American Movies are Not Dead: They are Dying

Ed here: This is an excerpt from a long piece on American movies by David Thomson that appears in the current The New Republic. An amazing piece of work.

"THOSE FILMS from the late 1950s had another sour attitude in common: they seemed to wonder whether the movies have gone on and on for long enough, so don’t we know every story by now? If you look at Rio Bravo (and this held even in 1959 when it opened), it offers a whimsical, affectionate example of a “suspenseful” Western. (Will the sheriff win? It was intended as a corrective to High Noon.) But that is perfunctory compared with its witty and digressive parody of such a Western, and its cheerful admission that this is really some actors, writers, and a director questioning and mocking the cockamamie routines and rituals of a Western. It isn’t a story, it’s a movie commentary, edging toward pastiche and camp. Similarly, Anatomy of a Murder is less an authentic trial story than variations on the hackneyed theme of the courtroom film. North by Northwest and Psycho tease us for believing in their absurd stories while delighting in the trickery that prompts that belief. As for Billy Wilder’s Some Like It Hot, it was the first candid admission that movies came out of a madhouse, stupefied by inside references, but unaware and uninterested in any external reality."
"How far did those directors understand the abandonment of narrative earnestness?

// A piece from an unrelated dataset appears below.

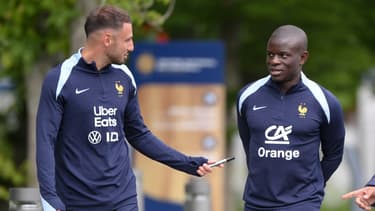 Jonathan Clauss et N'Golo Kanté à l'entraînement avec l'équipe de France, le 30 mai 2024.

I’m not sure, but it hardly matters. Film has always had a technological drive and a money habit that undermine the artistic solemnity of its auteurs. So when it comes to regretting the death of the movies and the way digital imagery and projection have put a blue-steel armor on the passion of light in photography, I have to insist that we were killing the medium long ago by grinding story down to sawdust, and encouraging the self-consciousness of disbelief, and undermining the innocence of sincere sentiment."

For the rest go here:


Anonymous said...


Mathew Paust said...

It's one thing to say straight narrative in movies is dead, and quite another to say movies themselves are dead or dying. I'm no expert or cinemafile, but I like all of the movies mentioned here as somehow "undermining the innocence of sincere sentiment." I prefer reading to watching movies, but occasionally a movie can reach me in a way a straight-line narrative hasn't. I think the two media can compliment each other,each in its own way. I don't understand the harm if they're not parallel. I feel I could go on and try to elaborate with particulars and examples, but I'm tired right now and simply don't have the energy. I hope I've made a valid point.

Dick Lochte said...

Is Thompson really saying that any film that doesn't take itself too seriously is marking the death of motion pictures? If so, he needn't worry. Movies like SOME LIKE IT HOT and NORTH BY NORTHWEST are rare birds and the medium still has its share of "sincere sentiment," or, as some would have it, pretentious claptrap.